Stored data entries:
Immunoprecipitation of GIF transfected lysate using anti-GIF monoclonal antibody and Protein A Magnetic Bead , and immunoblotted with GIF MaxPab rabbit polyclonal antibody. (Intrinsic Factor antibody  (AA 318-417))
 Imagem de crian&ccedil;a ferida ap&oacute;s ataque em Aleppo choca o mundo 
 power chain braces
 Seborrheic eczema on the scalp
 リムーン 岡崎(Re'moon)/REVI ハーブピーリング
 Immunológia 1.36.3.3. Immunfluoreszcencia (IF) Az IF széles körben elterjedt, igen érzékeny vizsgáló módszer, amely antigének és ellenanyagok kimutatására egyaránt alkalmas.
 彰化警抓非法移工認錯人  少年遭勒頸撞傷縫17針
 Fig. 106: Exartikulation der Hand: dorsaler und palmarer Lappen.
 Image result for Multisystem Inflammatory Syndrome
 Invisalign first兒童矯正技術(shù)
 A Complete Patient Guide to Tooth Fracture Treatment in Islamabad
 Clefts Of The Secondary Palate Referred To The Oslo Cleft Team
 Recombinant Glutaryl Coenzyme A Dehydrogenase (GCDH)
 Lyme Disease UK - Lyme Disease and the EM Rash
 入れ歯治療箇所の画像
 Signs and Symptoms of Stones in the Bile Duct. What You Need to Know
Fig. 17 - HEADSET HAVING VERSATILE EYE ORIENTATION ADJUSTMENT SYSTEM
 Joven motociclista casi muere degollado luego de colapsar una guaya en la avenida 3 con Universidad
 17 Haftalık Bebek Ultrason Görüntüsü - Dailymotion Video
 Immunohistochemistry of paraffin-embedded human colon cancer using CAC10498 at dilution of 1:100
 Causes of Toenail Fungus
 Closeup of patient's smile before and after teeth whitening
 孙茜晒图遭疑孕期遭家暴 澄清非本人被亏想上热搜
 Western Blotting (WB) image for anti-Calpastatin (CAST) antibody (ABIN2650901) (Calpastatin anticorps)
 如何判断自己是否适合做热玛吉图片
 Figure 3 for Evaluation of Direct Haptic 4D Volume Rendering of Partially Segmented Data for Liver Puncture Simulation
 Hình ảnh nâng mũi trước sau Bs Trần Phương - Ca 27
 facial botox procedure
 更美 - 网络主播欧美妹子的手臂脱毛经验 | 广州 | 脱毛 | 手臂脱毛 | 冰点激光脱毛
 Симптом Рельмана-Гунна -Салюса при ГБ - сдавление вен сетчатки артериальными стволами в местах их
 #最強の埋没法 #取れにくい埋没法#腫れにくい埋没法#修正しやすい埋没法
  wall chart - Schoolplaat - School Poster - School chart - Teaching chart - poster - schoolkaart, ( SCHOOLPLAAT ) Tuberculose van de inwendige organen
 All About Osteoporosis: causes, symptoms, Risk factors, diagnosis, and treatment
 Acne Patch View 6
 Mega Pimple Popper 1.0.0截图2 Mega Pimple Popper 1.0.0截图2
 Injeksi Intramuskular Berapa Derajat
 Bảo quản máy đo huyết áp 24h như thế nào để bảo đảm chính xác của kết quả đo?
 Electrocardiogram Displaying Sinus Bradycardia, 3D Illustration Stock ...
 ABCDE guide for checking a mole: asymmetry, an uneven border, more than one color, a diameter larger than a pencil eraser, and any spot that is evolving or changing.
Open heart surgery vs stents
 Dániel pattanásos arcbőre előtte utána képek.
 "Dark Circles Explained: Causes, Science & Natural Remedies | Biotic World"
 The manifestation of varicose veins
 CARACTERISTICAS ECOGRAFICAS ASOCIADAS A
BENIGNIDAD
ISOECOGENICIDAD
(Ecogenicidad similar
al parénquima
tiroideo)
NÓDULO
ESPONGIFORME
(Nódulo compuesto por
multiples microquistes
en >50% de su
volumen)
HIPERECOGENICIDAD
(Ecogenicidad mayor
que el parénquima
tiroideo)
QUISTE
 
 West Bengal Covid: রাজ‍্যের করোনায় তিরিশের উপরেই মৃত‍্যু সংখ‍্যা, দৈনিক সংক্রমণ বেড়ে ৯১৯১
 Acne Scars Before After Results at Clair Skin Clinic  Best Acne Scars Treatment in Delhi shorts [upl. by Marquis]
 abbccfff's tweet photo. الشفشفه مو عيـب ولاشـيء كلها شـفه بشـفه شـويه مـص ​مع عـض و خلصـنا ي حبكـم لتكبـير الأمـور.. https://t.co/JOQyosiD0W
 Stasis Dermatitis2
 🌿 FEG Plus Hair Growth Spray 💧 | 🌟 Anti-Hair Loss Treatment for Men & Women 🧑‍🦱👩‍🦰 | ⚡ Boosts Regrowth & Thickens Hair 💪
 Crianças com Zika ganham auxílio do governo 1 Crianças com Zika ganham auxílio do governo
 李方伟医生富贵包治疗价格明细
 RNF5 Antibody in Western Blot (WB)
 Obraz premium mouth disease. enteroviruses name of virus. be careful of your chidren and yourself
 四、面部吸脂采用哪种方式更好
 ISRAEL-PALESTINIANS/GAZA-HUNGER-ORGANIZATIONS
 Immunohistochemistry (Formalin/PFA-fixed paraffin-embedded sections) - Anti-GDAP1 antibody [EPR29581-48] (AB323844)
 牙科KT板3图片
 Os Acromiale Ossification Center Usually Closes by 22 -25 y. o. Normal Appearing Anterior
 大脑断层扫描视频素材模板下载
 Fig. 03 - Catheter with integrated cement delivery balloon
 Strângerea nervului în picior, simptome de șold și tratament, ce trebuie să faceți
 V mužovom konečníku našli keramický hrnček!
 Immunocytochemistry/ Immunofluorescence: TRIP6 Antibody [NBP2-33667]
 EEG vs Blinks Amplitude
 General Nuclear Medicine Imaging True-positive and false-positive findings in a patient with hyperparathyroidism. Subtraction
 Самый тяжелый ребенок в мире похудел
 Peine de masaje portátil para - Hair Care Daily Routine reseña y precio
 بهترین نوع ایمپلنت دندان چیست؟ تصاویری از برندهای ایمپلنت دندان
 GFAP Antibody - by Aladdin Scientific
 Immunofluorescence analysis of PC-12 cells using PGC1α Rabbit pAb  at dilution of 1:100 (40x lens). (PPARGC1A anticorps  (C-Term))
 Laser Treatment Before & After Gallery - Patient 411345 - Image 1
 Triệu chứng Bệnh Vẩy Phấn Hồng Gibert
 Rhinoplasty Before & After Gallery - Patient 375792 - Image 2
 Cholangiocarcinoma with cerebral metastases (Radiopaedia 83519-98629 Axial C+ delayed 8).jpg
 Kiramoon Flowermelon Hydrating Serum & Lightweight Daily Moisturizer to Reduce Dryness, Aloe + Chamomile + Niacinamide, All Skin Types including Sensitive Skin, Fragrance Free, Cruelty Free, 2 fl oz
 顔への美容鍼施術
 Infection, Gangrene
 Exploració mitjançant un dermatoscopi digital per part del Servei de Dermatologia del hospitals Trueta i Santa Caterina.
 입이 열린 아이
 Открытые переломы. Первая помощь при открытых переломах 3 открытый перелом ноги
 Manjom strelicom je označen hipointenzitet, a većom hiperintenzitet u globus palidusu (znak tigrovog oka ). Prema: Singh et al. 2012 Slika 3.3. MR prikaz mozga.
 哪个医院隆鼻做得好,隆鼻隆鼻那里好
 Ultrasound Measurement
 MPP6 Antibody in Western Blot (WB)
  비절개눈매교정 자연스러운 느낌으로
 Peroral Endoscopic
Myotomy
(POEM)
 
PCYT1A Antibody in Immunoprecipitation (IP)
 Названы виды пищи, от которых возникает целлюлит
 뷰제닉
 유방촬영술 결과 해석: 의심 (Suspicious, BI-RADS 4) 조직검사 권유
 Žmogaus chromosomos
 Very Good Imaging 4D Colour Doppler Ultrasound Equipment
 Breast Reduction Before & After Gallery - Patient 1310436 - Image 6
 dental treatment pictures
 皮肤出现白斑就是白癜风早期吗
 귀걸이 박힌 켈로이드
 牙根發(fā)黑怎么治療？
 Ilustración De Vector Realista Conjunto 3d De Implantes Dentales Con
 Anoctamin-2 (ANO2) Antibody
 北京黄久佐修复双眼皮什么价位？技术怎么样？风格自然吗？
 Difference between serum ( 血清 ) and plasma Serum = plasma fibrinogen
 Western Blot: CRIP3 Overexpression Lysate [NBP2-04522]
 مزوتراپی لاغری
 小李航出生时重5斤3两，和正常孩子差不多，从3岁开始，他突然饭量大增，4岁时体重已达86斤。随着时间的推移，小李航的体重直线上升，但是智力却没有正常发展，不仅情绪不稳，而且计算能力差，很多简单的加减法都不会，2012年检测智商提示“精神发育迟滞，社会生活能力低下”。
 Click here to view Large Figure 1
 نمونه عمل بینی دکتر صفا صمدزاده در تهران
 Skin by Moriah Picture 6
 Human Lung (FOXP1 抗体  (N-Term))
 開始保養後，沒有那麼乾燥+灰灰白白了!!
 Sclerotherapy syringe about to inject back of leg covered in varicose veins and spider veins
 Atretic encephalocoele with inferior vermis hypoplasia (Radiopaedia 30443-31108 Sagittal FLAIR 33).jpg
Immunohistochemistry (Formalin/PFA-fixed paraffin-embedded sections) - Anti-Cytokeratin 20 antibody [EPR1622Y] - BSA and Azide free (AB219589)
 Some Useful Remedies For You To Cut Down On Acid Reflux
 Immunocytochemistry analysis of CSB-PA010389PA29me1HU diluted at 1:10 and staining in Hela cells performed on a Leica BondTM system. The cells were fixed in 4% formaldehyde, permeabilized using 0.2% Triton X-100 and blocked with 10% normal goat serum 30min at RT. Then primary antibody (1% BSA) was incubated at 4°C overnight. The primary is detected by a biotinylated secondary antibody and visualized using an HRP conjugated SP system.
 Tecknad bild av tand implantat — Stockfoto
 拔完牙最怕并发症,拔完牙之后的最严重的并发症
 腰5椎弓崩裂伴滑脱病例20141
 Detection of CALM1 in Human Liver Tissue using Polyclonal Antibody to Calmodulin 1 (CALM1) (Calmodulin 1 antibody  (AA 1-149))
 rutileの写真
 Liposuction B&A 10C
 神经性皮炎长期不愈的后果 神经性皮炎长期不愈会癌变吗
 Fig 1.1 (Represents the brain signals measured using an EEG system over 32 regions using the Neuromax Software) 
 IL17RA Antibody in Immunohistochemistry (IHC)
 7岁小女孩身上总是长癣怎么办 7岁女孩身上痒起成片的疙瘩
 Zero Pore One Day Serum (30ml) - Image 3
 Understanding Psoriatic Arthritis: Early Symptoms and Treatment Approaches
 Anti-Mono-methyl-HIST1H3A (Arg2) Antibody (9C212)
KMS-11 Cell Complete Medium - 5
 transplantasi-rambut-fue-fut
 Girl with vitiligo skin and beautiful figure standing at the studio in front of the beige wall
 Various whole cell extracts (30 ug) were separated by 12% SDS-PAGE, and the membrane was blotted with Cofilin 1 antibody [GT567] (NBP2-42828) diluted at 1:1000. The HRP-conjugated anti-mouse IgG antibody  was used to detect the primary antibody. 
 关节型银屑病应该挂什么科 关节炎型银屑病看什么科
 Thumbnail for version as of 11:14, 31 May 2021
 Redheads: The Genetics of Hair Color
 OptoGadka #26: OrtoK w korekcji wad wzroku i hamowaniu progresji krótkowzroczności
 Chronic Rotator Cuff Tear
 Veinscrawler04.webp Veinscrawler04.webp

EXERCISE DIRECTIONS: Quote the records above exactly, from the first line through the line containing "Seborrheic eczema on the scalp", and nothing more.

ANSWER TO THIS PROBLEM:
Immunoprecipitation of GIF transfected lysate using anti-GIF monoclonal antibody and Protein A Magnetic Bead , and immunoblotted with GIF MaxPab rabbit polyclonal antibody. (Intrinsic Factor antibody  (AA 318-417))
 Imagem de crian&ccedil;a ferida ap&oacute;s ataque em Aleppo choca o mundo 
 power chain braces
 Seborrheic eczema on the scalp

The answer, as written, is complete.